How to Calculate Your GPA on the 4.0 Scale (and Get a Number That Matches Your Transcript)
By the Super Simple Digital Tools Team · Updated June 2026
Most students assume GPA is just the average of their letter grades, but that shortcut quietly produces the wrong number. GPA is a credit-weighted average, which means a course's credit hours decide how much each grade counts. Before you calculate anything, gather two pieces of information for every class: the letter grade and how many credit hours it carried. With those in hand, the math becomes mechanical and repeatable, and it will line up with what your registrar reports.
Start by converting each letter grade to its point value on the 4.0 scale. The common mapping is A=4.0, A-=3.7, B+=3.3, B=3.0, B-=2.7, C+=2.3, C=2.0, C-=1.7, D+=1.3, D=1.0, and F=0.0. Pluses generally add 0.3 and minuses subtract 0.3, though plenty of schools skip plus/minus grades entirely and a few treat A+ as 4.3. If your school does something different, use its table instead, because the conversion step is where most calculation errors creep in.
Next, turn each grade into quality points by multiplying its point value by the course's credit hours.
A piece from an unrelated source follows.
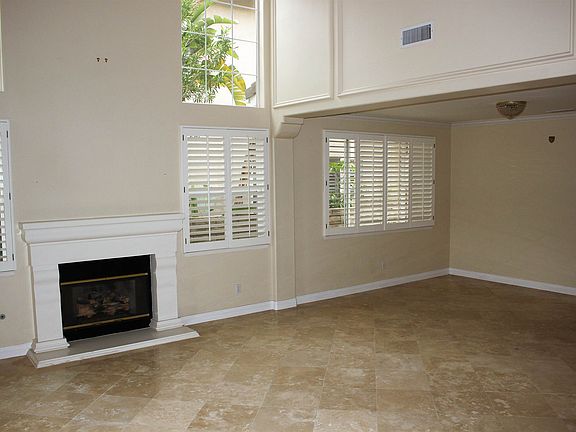 2nd image of 865 Paseo De Leon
An A (4.0) in a 4-credit course is 16 quality points; a B+ (3.3) in a 3-credit course is 9.9. Add up every course's quality points, then add up every course's credit hours separately. Your GPA is the total quality points divided by the total credit hours. A worked semester of A/4cr, B+/3cr, A-/4cr, and B/3cr gives 49.7 quality points over 14 credits, or a 3.55 GPA.
To extend this into a cumulative GPA, resist the urge to average your semester GPAs together. That only works when every term has identical credits, which almost never happens. Instead, keep two running totals across all terms: total quality points and total credit hours, and divide one by the other. A term with 18 credits moves your cumulative average far more than a light 9-credit term, exactly as it should, and this method captures that automatically.
Finally, decide whether you need a weighted or unweighted figure and use the right one for the right purpose. Weighted GPA rewards honors and AP/IB rigor with bonus points and is useful for class rank and scholarship cutoffs that expect it. Unweighted GPA strips that bonus and is what many colleges recalculate to so they can compare applicants on equal footing. Knowing which number a form is asking for prevents you from reporting a 4.3 where a 3.9 was expected, or the reverse.
- Always weight by credit hours, never average letter grades directly; a 4-credit course counts roughly a third more than a 3-credit one.
- For cumulative GPA, sum total quality points and total credits across all terms and divide once, rather than averaging per-semester GPAs.
- Confirm your school's exact scale before trusting a result, since some omit plus/minus grades and some count A+ as 4.3 instead of 4.0.
- Keep separate weighted and unweighted figures on hand so you can report whichever a scholarship or application specifically requests.